How does a browser-based recommendation engine work without a server?

Items are embedded into 384-dimensional vectors using a 33 MB model (BGE-small-en-v1.5). User preferences are computed by averaging the vectors of liked items into a preference centroid. Recommendations are found via nearest-neighbor search against the catalog using cosine similarity, with all data staying in IndexedDB on the user's device.

What recommendation modes are supported with browser-based embeddings?

Three modes: 'More Like This' finds items similar to a specific product using its stored vector, 'For You' builds a user preference vector by averaging liked item embeddings, and 'Trending in Your Taste' combines the preference vector with metadata filters like category, price range, and minimum rating.

How does a browser recommendation engine handle the cold start problem?

Three strategies work locally: search-query seeding embeds the user's first search as a temporary preference vector, category-based defaults use a hand-written seed description for the landing context, and popularity fallback sorts by stored metadata like view count or rating when no personalization signal exists.

What are the trade-offs of browser-based recommendations versus cloud services?

You lose collaborative filtering ('users who bought X also bought Y') since that requires cross-user data on a server. You gain complete privacy (no behavioral data collection), zero operational cost, offline capability, and 1-5ms latency versus 50-200ms for cloud services. For content platforms and e-commerce catalogs, the trade-off is generally favorable.

Building a Recommendation Engine in the Browser With Embeddings and Cosine Similarity

Netflix, Spotify, and Amazon spend hundreds of millions of dollars per year on recommendation infrastructure. Their systems ingest every click, hover, scroll, and dwell-time event, ship that behavioral data to a server farm, crunch it through collaborative filtering pipelines, and serve the results back - all while building a surveillance profile of every user.

What if the recommendation engine ran in the browser tab? What if user preferences never left the device? What if the entire pipeline - embedding items, building preference vectors, computing similarity, filtering by metadata - cost exactly zero dollars per month?

That is what we are going to build. A content-based recommendation engine using vector embeddings and cosine similarity, running entirely client-side with LocalMode. No API keys. No tracking pixels. No backend. Items go in, personalized recommendations come out - and every byte of user behavior stays on the device where it belongs.

How Embedding-Based Recommendations Work

Traditional recommendation systems fall into two camps. Collaborative filtering says "users who liked item A also liked item B." Content-based filtering says "this item is similar to items you already liked." Collaborative filtering requires a central server that aggregates behavior across all users. Content-based filtering does not - it only needs the items and the current user's signals.

That makes content-based filtering a perfect fit for the browser.
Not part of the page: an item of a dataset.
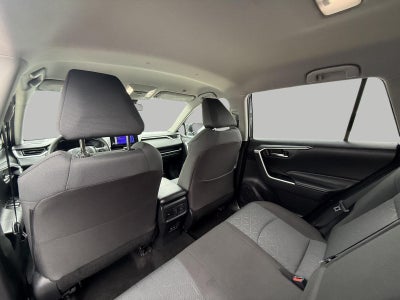 2025 Toyota RAV4 XLE AWD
Here is the pipeline:

┌─────────────────────────────────────────────────────────────────────┐
│                          Browser Tab                                │
│                                                                     │
│  ┌────────────┐    ┌────────────┐    ┌─────────────┐               │
│  │ Item Catalog│───▶│ embedMany()│───▶│  VectorDB    │               │
│  │ (products,  │    │ (BGE-small)│    │ (IndexedDB)  │               │
│  │  articles)  │    └────────────┘    └──────┬──────┘               │
│  └────────────┘                              │                      │
│                                              │                      │
│  ┌────────────┐    ┌────────────┐    ┌──────▼──────┐               │
│  │ User Signal │───▶│   embed()  │───▶│  db.search() │               │
│  │ (liked item,│    │  or vector │    │  + metadata  │               │
│  │  search qry)│    │  averaging │    │   filters    │               │
│  └────────────┘    └────────────┘    └──────┬──────┘               │
│                                              │                      │
│                                     ┌───────▼───────┐              │
│                                     │ Ranked Results │              │
│                                     │ (personalized) │              │
│                                     └───────────────┘              │
│                                                                     │
│  Model: BGE-small-en-v1.5 (33MB, downloads once, cached)           │
│  Storage: IndexedDB (persists across sessions, unlimited*)          │
└─────────────────────────────────────────────────────────────────────┘

Every item in the catalog gets embedded into a 384-dimensional vector that captures its semantic meaning. User signals - a liked item, a search query, a viewing history - are also embedded or averaged into a vector. Finding recommendations is then a nearest-neighbor search: which catalog items are closest to the user's preference vector?

The distance metric that makes this work is cosine similarity. It measures the angle between two vectors, returning a value between -1 and 1. Two items pointing in roughly the same direction in 384-dimensional space have a cosine similarity near 1 - they are semantically related, regardless of whether they share a single keyword.

Step 1: Set Up the Catalog Database

Every recommendation engine starts with a catalog. We will create a typed VectorDB that stores item vectors alongside structured metadata - category, price, rating, and whatever else your domain needs.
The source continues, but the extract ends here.